WORK ITEM: In the copy of the lines below, leave out pictures and print everything else exactly.

RAW DATA:

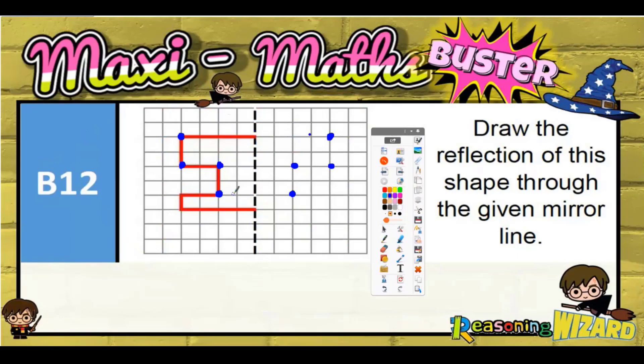This corner is one, two, three, four to the line — one, two, three, four on the other side. And this corner is one, two, three, four to the line, so one, two, three, four on the other side. All you've got to do then is basically join your corners up, and you will get — as if appearing by magic — the reflection of the original shape.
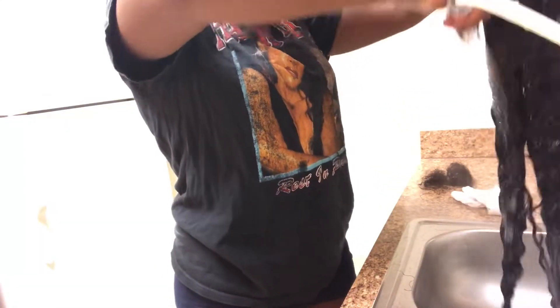Once I detangle the hair, I'll go through it one more time with some water — I just spray it with the little hose thingy and then saturate it again.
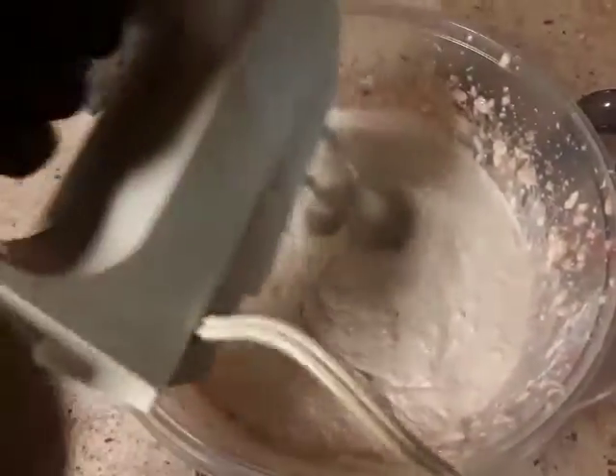If you like, you can add milk, but I don't want milk in my strawberry cheesecake. I prefer the heavy cream to make up for the milk.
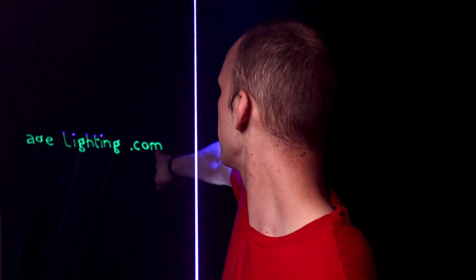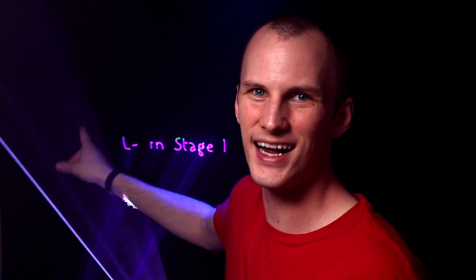The second type of laser effect we can do is a laser projection onto a surface. Here I've got my name, LearnStageLighting.com, in a laser on this black backdrop. The cool thing about that is I can project images, text, patterns, whatever, onto a backdrop — even a black one like this — and it shows up. You can't do that with a video projector. Let me switch it to a different image just to show you some of the things it can do.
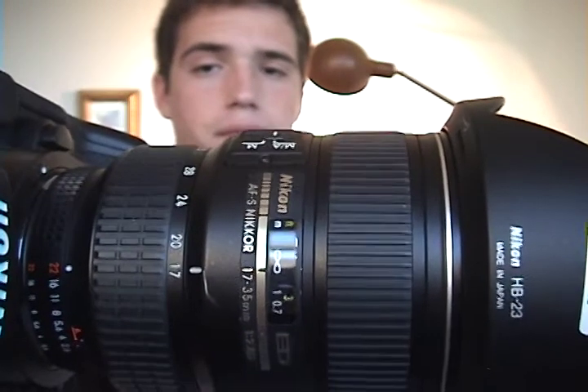Now we're going to look at the autofocus speed of this lens — we're going to focus it to its minimum focusing distance and then focus to infinity. This is an AF-S lens, and even though it's old, it still focuses just as fast and just as quietly as the newest lenses of today.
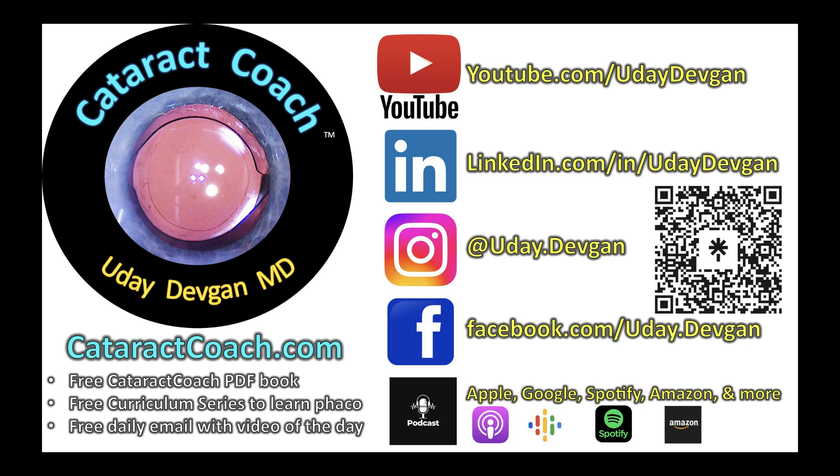Anyway, thank you for putting up with my humor. Remember, check out our weekly podcast — every week a brand new episode. There was a day when you didn't realize you needed to watch a Cataract Coach video every day, but now you watch it every day and can't stop. It's the same thing with the podcast — you don't realize it yet, but you need to listen. You will benefit so much from it.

TASK RESPONSE:
This corner is one, two, three, four to the line — one, two, three, four on the other side. And this corner is one, two, three, four to the line, so one, two, three, four on the other side. All you've got to do then is basically join your corners up, and you will get — as if appearing by magic — the reflection of the original shape.
Once I detangle the hair, I'll go through it one more time with some water — I just spray it with the little hose thingy and then saturate it again.
If you like, you can add milk, but I don't want milk in my strawberry cheesecake. I prefer the heavy cream to make up for the milk.
The second type of laser effect we can do is a laser projection onto a surface. Here I've got my name, LearnStageLighting.com, in a laser on this black backdrop. The cool thing about that is I can project images, text, patterns, whatever, onto a backdrop — even a black one like this — and it shows up. You can't do that with a video projector. Let me switch it to a different image just to show you some of the things it can do.
Now we're going to look at the autofocus speed of this lens — we're going to focus it to its minimum focusing distance and then focus to infinity. This is an AF-S lens, and even though it's old, it still focuses just as fast and just as quietly as the newest lenses of today.
Anyway, thank you for putting up with my humor. Remember, check out our weekly podcast — every week a brand new episode. There was a day when you didn't realize you needed to watch a Cataract Coach video every day, but now you watch it every day and can't stop. It's the same thing with the podcast — you don't realize it yet, but you need to listen. You will benefit so much from it.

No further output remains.